EXERCISE BRIEF ->
Reply with one number only: the count of lines below that contain the word "Projector".

STORED DATA ->
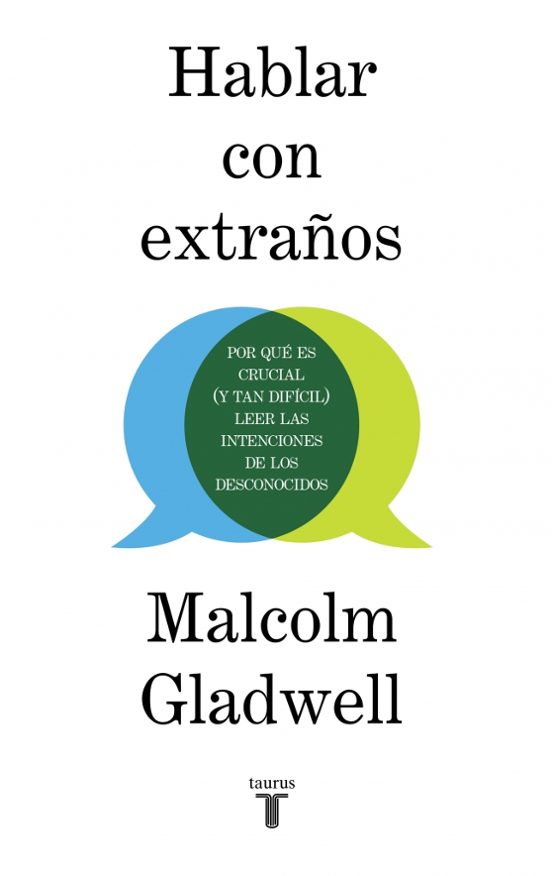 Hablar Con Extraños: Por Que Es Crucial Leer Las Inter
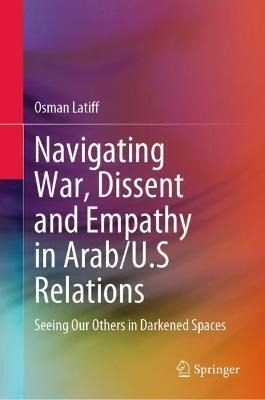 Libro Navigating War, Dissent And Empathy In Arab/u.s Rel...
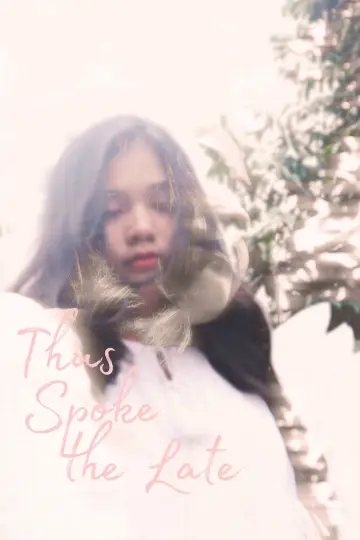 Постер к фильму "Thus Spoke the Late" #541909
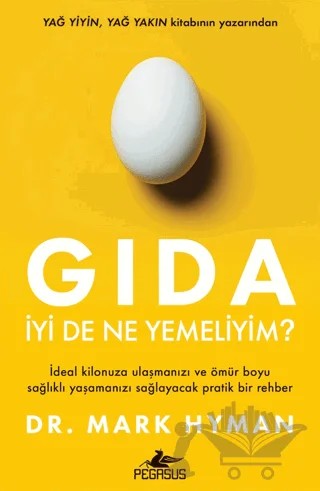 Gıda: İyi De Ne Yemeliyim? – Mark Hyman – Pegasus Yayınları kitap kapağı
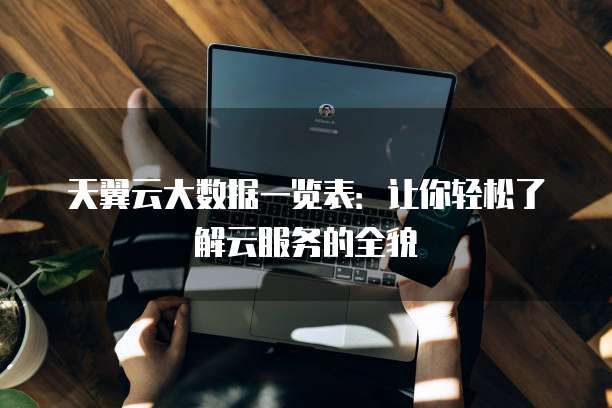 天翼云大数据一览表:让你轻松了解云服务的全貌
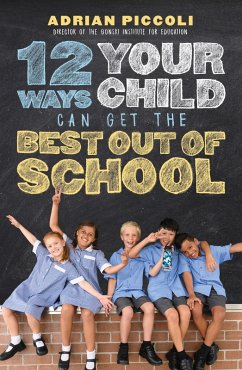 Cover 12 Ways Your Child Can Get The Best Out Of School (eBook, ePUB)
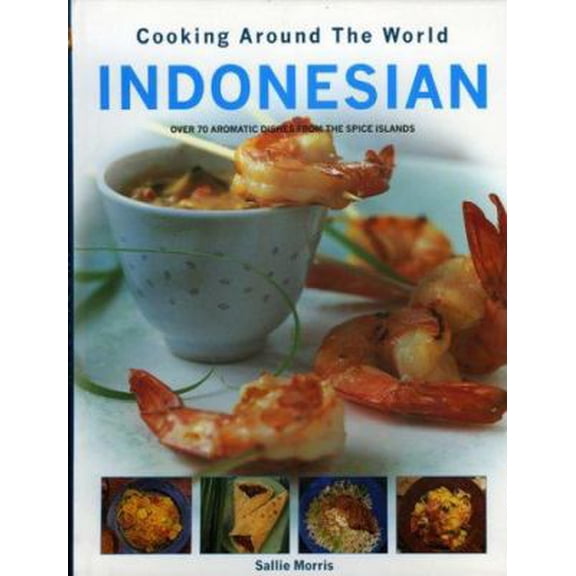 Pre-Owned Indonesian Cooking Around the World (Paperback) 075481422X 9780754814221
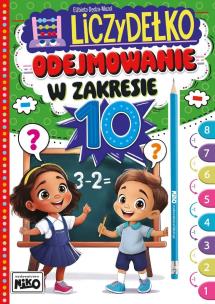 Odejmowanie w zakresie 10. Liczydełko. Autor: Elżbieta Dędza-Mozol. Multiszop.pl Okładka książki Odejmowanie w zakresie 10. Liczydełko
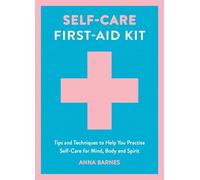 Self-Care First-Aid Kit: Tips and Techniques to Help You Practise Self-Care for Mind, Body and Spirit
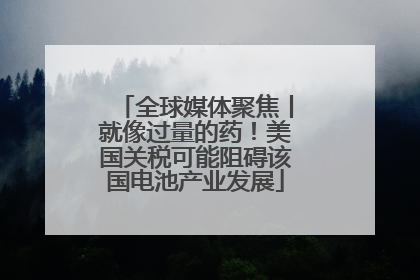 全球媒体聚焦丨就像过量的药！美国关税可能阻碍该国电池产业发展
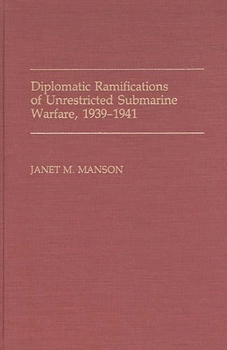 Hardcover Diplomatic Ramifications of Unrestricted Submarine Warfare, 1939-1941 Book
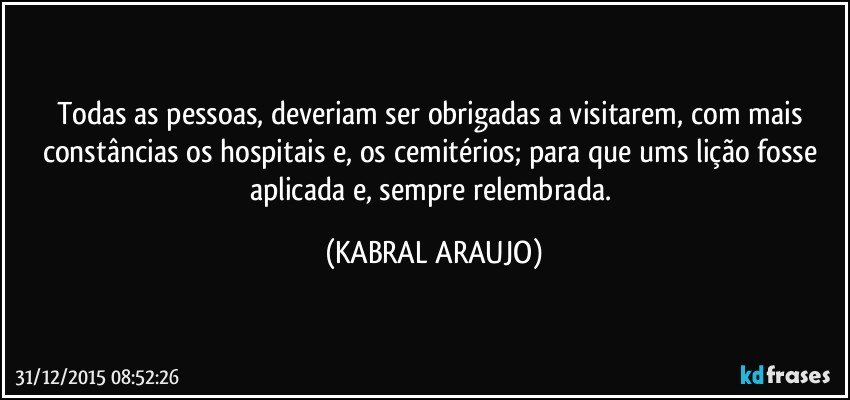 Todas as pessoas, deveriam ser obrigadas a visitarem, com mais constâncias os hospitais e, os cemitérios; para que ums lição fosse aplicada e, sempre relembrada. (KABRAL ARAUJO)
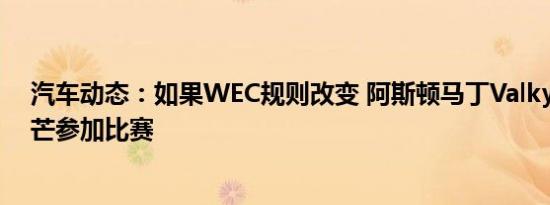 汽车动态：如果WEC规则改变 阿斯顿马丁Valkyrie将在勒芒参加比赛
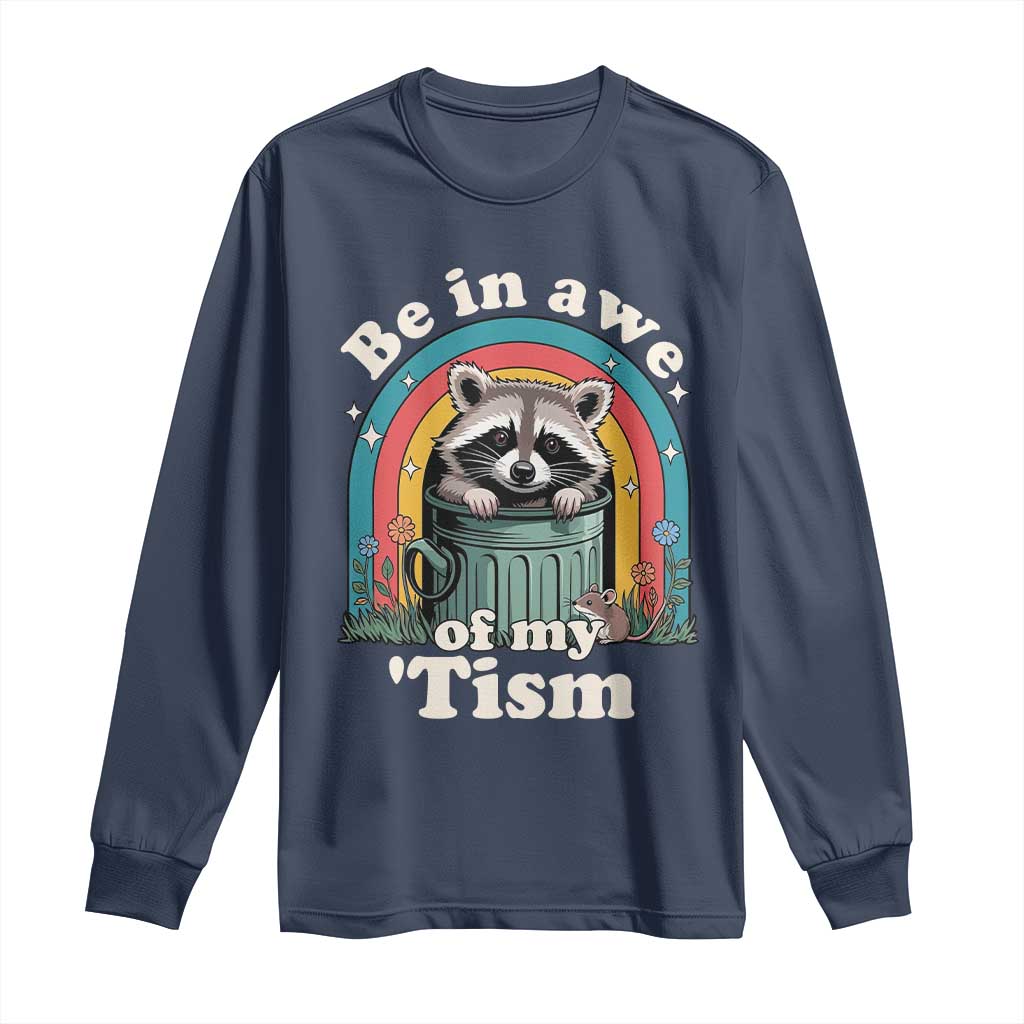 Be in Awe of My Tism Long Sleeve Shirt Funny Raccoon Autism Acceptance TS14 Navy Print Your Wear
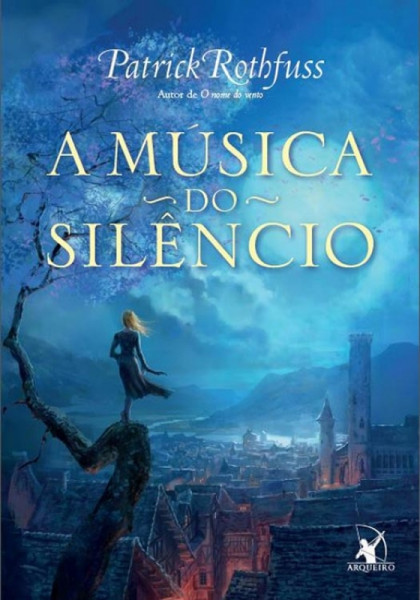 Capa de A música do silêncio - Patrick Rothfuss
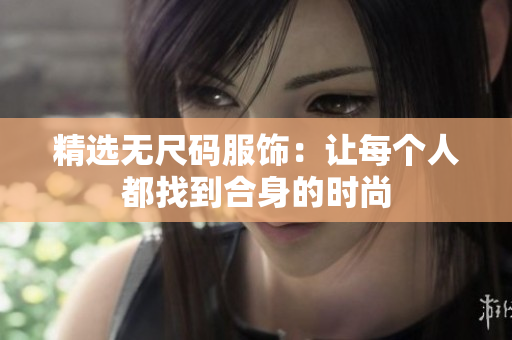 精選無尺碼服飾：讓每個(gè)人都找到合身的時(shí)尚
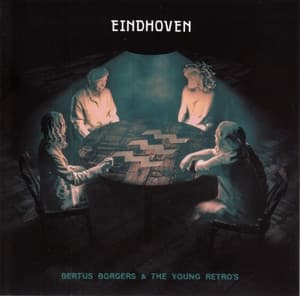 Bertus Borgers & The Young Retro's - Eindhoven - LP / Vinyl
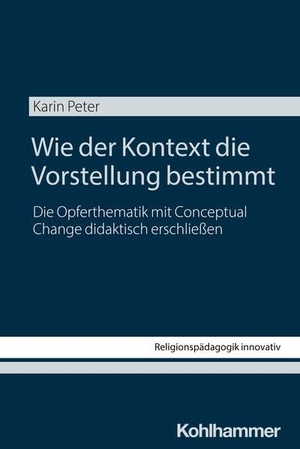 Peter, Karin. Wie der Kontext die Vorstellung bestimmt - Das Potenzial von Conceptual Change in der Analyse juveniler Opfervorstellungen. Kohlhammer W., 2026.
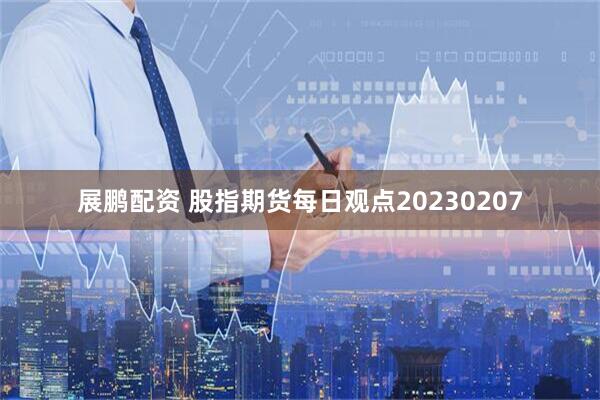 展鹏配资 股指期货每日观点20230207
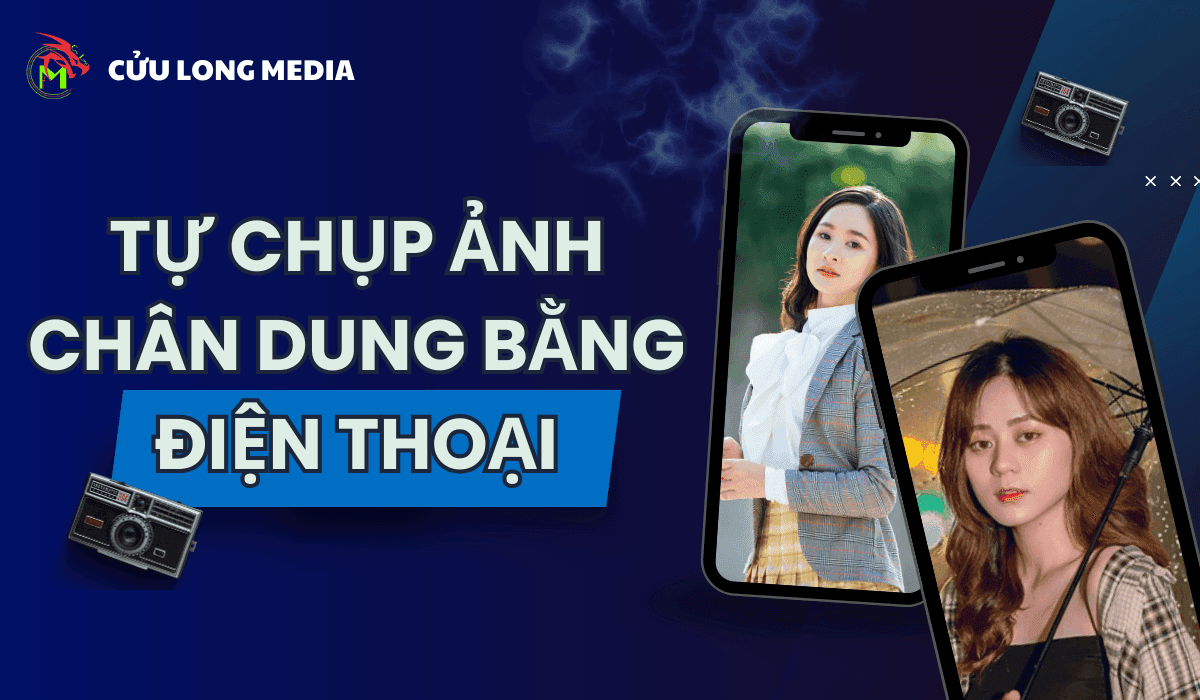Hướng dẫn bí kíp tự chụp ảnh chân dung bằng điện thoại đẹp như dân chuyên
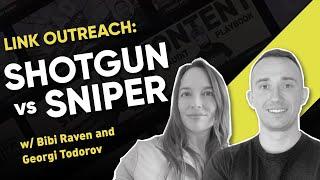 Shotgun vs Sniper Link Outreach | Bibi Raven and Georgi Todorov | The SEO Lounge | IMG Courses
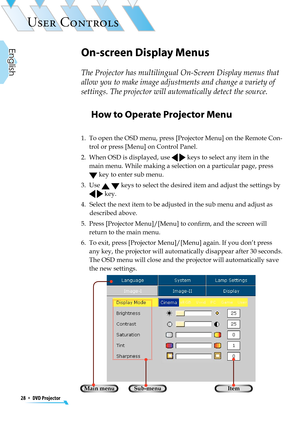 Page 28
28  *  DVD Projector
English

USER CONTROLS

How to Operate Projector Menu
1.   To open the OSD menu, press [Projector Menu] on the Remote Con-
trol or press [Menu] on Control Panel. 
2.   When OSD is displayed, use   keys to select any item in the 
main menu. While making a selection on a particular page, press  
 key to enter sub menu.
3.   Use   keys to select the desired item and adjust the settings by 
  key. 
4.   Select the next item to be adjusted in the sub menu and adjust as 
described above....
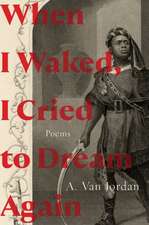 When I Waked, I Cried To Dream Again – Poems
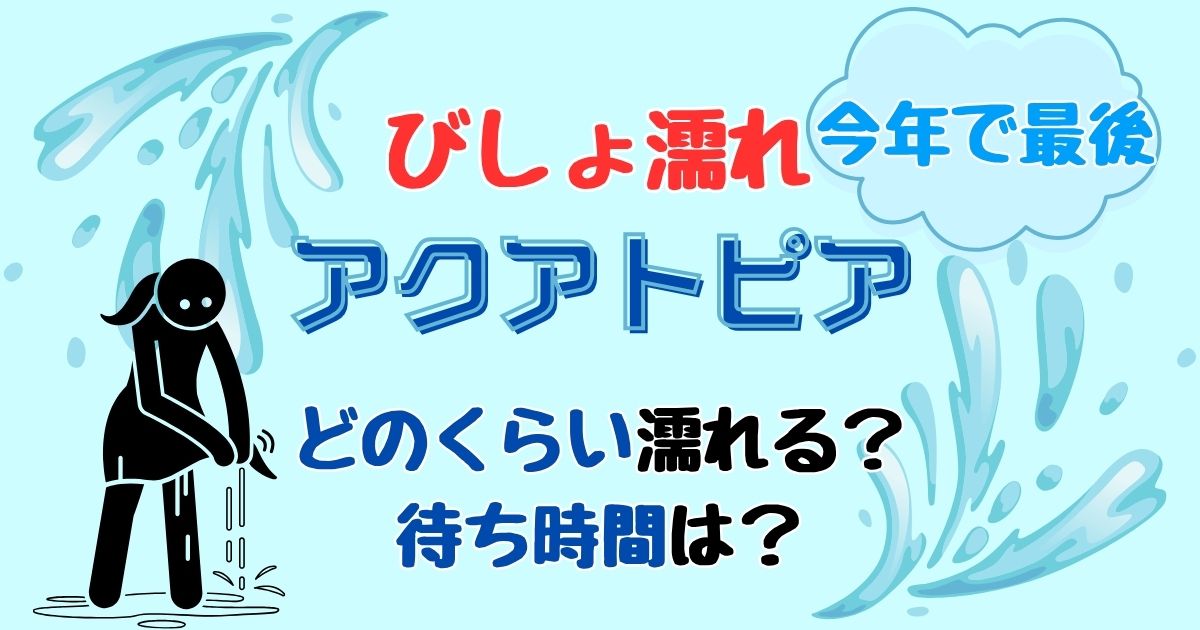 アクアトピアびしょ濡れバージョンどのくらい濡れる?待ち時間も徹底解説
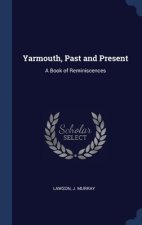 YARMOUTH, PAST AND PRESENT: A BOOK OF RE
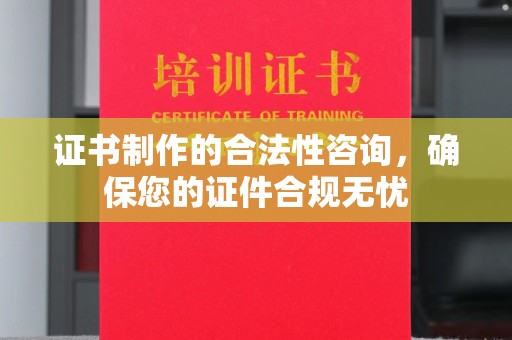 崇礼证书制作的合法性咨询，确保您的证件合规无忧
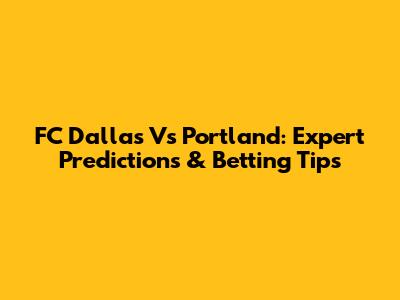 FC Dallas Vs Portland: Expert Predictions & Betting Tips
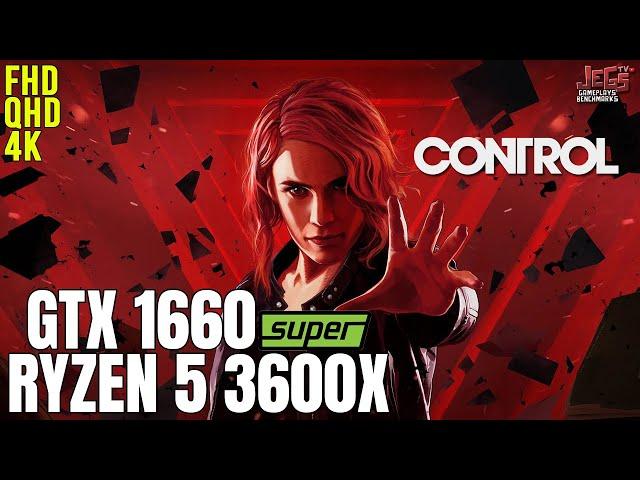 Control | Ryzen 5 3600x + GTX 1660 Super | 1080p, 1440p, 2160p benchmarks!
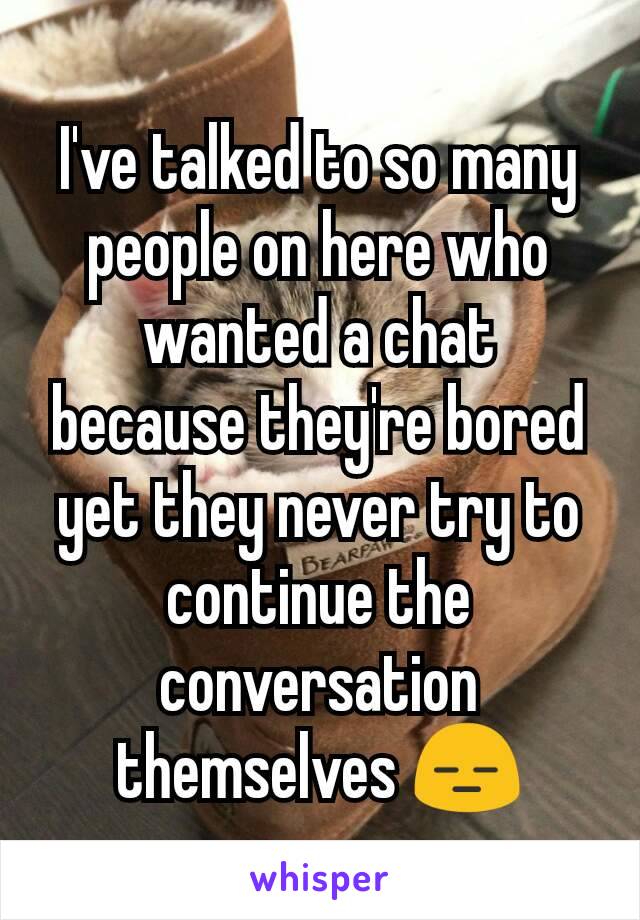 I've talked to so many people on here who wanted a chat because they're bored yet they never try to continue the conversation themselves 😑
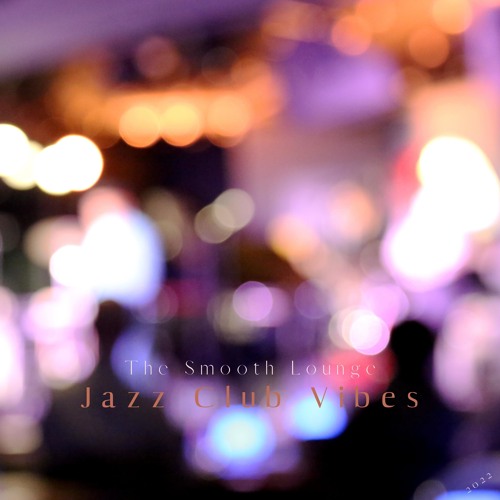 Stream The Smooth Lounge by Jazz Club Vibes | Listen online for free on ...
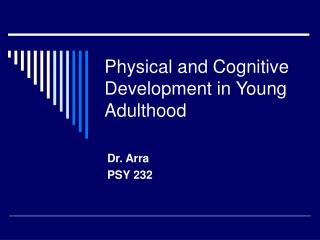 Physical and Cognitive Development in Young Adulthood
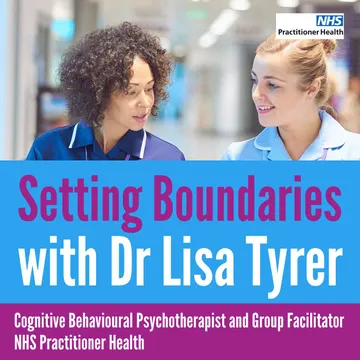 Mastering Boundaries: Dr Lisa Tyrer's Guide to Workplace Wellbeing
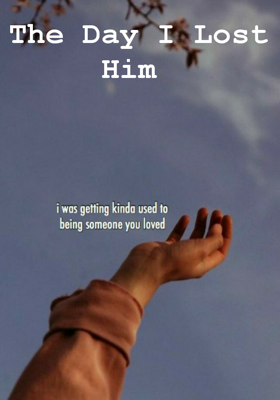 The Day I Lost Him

RESPONSE TO THE TASK ->
3